My mother grew up with them, and played with them, in that itinerant way families hooked up during their vagabond wanderings throughout south Georgia during the Great Depression. She would see them for weeks on end, then a sawmill job, or a carpenter job would appear, and she would move on, from Waycross to Manor to Baxley to Savannah.
Mom always loved Aunt May, however, and kept in touch, even unto her adulthood.
Now, Gene and Joe, I have to tell you, were brain damaged. My mother always wove a fiction of ill fate, and bad luck. She always told me Joe was brapped by a Buick in the noggin when he was four, and thus became an Idiot Manchild, and Gene learned that behaviour from Joe. Thus we now have two Idiot Manchildren, created by operant conditioning.
I smoked that out as bullshit by 13, of course.
At any rate, I never interacted with the Boys too much, other than to tell you two stories:
1) In 1969 the Senator took us to Titusville to watch the Apollo 11 launch. Made a week of it. As Aunt May and the boys lived in Plant City we trekked over for a day. Nice place they had. Can you say Okie? Bonnie & Clyde po white trash? Yes. That sweet. Anyhoo, the old man had gassed up at a Gulf station, and they had these assemblable lunar modules, the Eagle, made in cardboard. Free with a fill up. We took these things to Aunt May's, and tried to assemble them, and these pieces of cardboard so excited Gene and Joe that they leapt into the fray to help, and utterly destroyed the things.
We were pissed, of course, but of good manners. Bit our tongues. Life moved on.
2) A few years later, when I was in high school, Gene decided he would send my mother cassette tapes in lieu of writing, which he was incapable of performing. The tapes consisted of him watching episodes of the Lone Ranger. You could hear it in the background. He suffered from that whatsit, too, where you repeat the last words of everything, and so as the announcer said "The Lone Ranger!!!!" he would say, quietly, "Ranger...".

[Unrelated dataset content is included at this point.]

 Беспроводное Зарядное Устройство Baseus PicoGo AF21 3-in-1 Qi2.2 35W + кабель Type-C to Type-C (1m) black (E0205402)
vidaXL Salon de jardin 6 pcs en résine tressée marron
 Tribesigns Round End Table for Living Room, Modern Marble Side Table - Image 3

Very disconcerting stuff, but funny as hell. We hallooed for hours over it, even as my mother, smothering her mirth, would threaten to beat our collective asses.
I know you want a payoff. Here it is: my aunt Vesta told us, as she visited more often, that as Gene was watching the Lone Ranger episodes he was furiously masturbating. No one apparently could break him of the habit. Like a monkey at the zoo, he was.

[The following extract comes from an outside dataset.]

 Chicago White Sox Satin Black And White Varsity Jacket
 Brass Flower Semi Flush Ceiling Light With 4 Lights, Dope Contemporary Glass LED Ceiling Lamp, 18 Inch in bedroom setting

Joe was dead at this point, recently, as I recall, Jesus having called his damaged child home. Gene was just paying homage, I reckon.
Fast forward to 1998. I was in Orlando at dance competition with my daughters, when my mother called and said Aunt May had died. I figure she was 177. Now, Plant City is right down the road from Orlando, so I took the Benz and drove to the funeral.

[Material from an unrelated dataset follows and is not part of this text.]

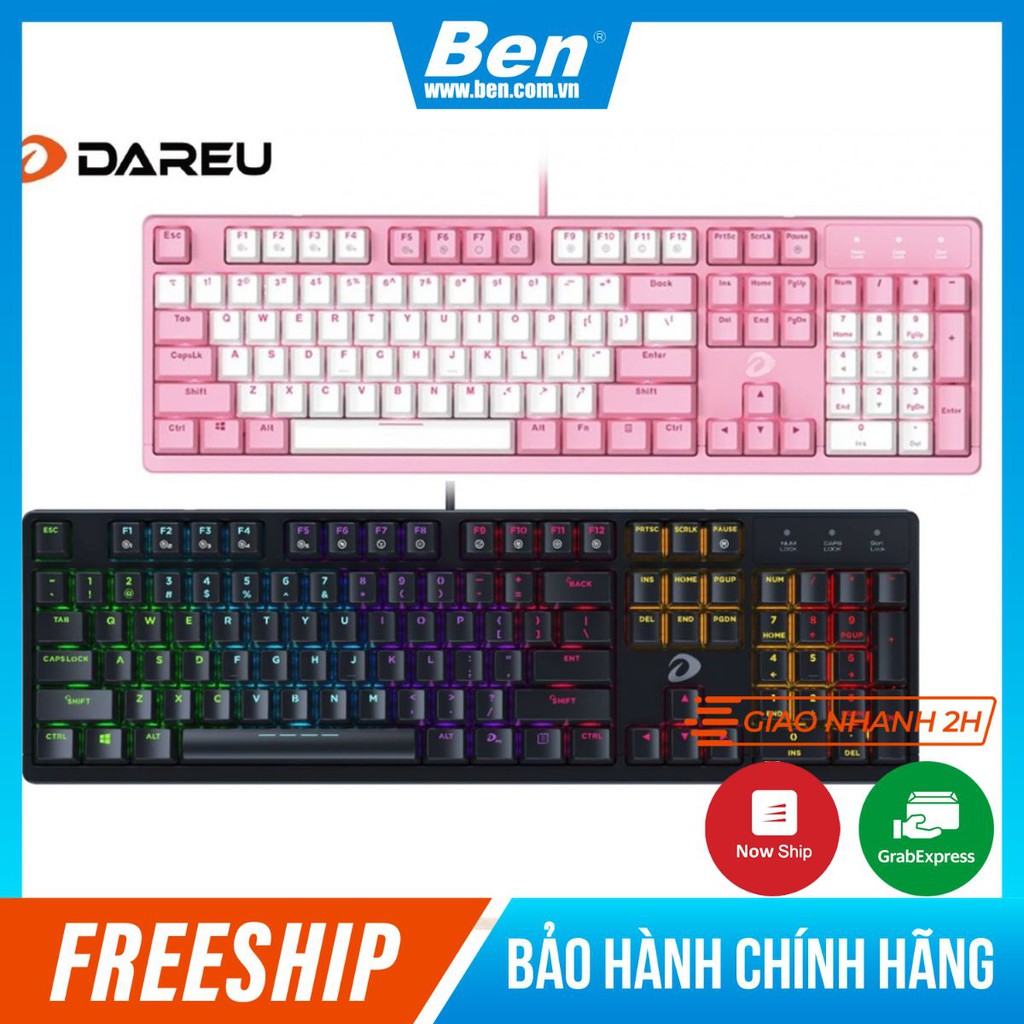 Bàn phím cơ Dareu EK1280s Multi LED Pink White, Black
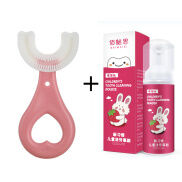 Combo Bàn Chải Chữ U Silicon Và Kem Đánh Răng Dạng Bọt Cho Bé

A humble service in a humble Baptist graveyard. And yet who did I see, for the first time in 30 years? Gene! Old now, not in his 40's but his 70's. That put the freaky in my deaky. He apparently understood his momma was gone, about to be buried, and was inconsolable. He wept, he threw the occasional fit, he whined, he sulked. Spittle flew. It was fucking pitiful. He knew me not, of course, but I attempted to console him. He was alternately accepting and recalcitrant.
My mother and Vesta finally walked over and grabbed him, and cooed in his ear, I know not what, but it must have been something from 60 years earlier, and he calmed down, and smiled. He was still weeping, but smiling.
And so, I left. In a state of fugue. I was always tempted to ask my mother what she said, but she would have demurred anyway.
And some things are better left unknown, unsaid.